现在,如果您愿意自己实现这一部分,我强烈建议您以这种方式使用 tokenizer 来准备您的数据。
batch_sentences = ["Hello I'm a single sentence",
"And another sentence",
"And the very very last one"]
encoded_inputs = tokenizer(batch_sentences)
print(encoded_inputs)
{'input_ids': [[101, 8667, 146, 112, 182, 170, 1423, 5650, 102],
[101, 1262, 1330, 5650, 102],
[101, 1262, 1103, 1304, 1304, 1314, 1141, 102]],
'token_type_ids': [[0, 0, 0, 0, 0, 0, 0, 0, 0],
[0, 0, 0, 0, 0],
[0, 0, 0, 0, 0, 0, 0, 0]],
'attention_mask': [[1, 1, 1, 1, 1, 1, 1, 1, 1],
[1, 1, 1, 1, 1],
[1, 1, 1, 1, 1, 1, 1, 1]]}
不过还有更简单的方法,用FeatureExtractionPipeline配合综合documentation!这看起来像这样:
from transformers import pipeline
feature_extraction = pipeline('feature-extraction', model="distilroberta-base", tokenizer="distilroberta-base")
features = feature_extraction(["Hello I'm a single sentence",
"And another sentence",
"And the very very last one"])
更新1 事实上,您稍微更改了代码,但您一次传递一个样本,而不是以批处理形式。如果我们想坚持你的实现批处理将是这样的:
tokenizer = BertTokenizer.from_pretrained('bert-base-uncased')
model = BertModel.from_pretrained('bert-base-uncased',
output_hidden_states = True, # Whether the model returns all hidden-states.
)
model.eval()
sentences = [
"Hello I'm a single sentence",
"And another sentence",
"And the very very last one",
"Hello I'm a single sentence",
"And another sentence",
"And the very very last one",
"Hello I'm a single sentence",
"And another sentence",
"And the very very last one",
]
batch_size = 4
for idx in range(0, len(sentences), batch_size):
batch = sentences[idx : min(len(sentences), idx+batch_size)]
# encoded = tokenizer(batch)
encoded = tokenizer.batch_encode_plus(batch,max_length=50, padding='max_length', truncation=True)
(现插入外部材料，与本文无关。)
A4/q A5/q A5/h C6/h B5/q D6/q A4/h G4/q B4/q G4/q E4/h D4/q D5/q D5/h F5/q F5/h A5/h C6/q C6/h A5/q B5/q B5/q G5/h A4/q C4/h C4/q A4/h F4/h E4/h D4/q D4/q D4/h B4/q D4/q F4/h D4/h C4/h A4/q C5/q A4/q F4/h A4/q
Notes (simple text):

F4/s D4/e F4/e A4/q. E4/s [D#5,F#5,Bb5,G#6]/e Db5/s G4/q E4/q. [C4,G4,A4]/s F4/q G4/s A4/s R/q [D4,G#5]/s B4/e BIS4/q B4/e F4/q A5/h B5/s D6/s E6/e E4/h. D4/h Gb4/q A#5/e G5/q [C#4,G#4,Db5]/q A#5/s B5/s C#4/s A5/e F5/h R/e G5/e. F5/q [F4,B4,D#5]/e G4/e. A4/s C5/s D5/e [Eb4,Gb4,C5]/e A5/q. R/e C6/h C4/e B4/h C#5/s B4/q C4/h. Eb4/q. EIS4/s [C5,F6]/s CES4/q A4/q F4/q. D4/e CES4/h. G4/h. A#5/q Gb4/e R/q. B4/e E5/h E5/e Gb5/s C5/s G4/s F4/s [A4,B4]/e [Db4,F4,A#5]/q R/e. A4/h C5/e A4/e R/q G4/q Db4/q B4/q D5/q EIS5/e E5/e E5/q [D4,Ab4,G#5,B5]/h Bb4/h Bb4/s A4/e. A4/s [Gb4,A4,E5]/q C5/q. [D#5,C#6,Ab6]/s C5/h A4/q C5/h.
encoded = {key:torch.LongTensor(value) for key, value in encoded.items()}
with torch.no_grad():
outputs = model(**encoded)
print(outputs.last_hidden_state.size())
输出:
torch.Size([4, 50, 768]) # batch_size * max_length * hidden dim
torch.Size([4, 50, 768])
torch.Size([1, 50, 768])
更新2
关于将批处理数据填充到最大长度的问题,有两个问题。第一,它是否能够用不相关的信息来干扰 transformer 模型? NO,因为在训练阶段模型已经以批处理的形式呈现了变长输入语句,设计者引入了一个特定的参数来引导模型在WHERE 应该注意了!第二,如何摆脱这些垃圾数据?使用attention mask参数可以只对相关数据进行均值运算!
所以代码会变成这样:
for idx in range(0, len(sentences), batch_size):
batch = sentences[idx : min(len(sentences), idx+batch_size)]
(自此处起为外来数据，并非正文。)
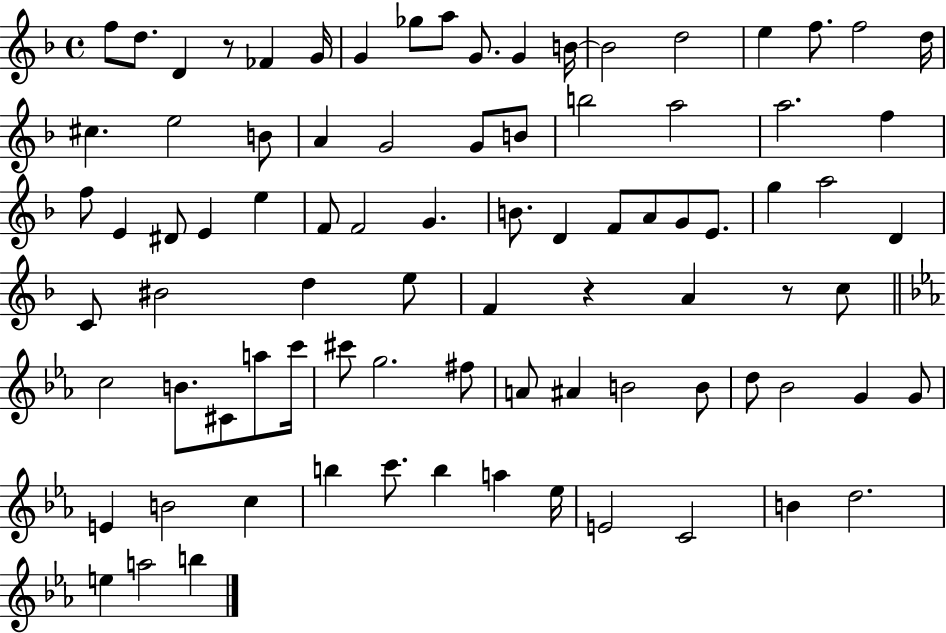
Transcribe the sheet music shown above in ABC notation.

X:1
T:Untitled
M:4/4
L:1/4
K:F
f/2 d/2 D z/2 _F G/4 G _g/2 a/2 G/2 G B/4 B2 d2 e f/2 f2 d/4 ^c e2 B/2 A G2 G/2 B/2 b2 a2 a2 f f/2 E ^D/2 E e F/2 F2 G B/2 D F/2 A/2 G/2 E/2 g a2 D C/2 ^B2 d e/2 F z A z/2 c/2 c2 B/2 ^C/2 a/2 c'/4 ^c'/2 g2 ^f/2 A/2 ^A B2 B/2 d/2 _B2 G G/2 E B2 c b c'/2 b a _e/4 E2 C2 B d2 e a2 b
# encoded = tokenizer(batch)
encoded = tokenizer.batch_encode_plus(batch,max_length=50, padding='max_length', truncation=True)
encoded = {key:torch.LongTensor(value) for key, value in encoded.items()}
with torch.no_grad():
outputs = model(**encoded)
lhs = outputs.last_hidden_state
attention = encoded['attention_mask'].reshape((lhs.size()[0], lhs.size()[1], -1)).expand(-1, -1, 768)
embeddings = torch.mul(lhs, attention)
denominator = torch.count_nonzero(embeddings, dim=1)
summation = torch.sum(embeddings, dim=1)
mean_embeddings = torch.div(summation, denominator)
关于你原来的问题:你无能为力。 BERT 是一种计算要求很高的算法。最好的办法是使用 BertTokenizerFast 而不是常规的 BertTokenizer。 “快速”版本效率更高,您会看到大量文本的差异。
说到这里,我必须警告你,平均 BERT 词嵌入并不能为句子创建良好的嵌入。参见 this post. From your questions I assume you want to do some kind of semantic similarity search. Try using one of those open-sourced models。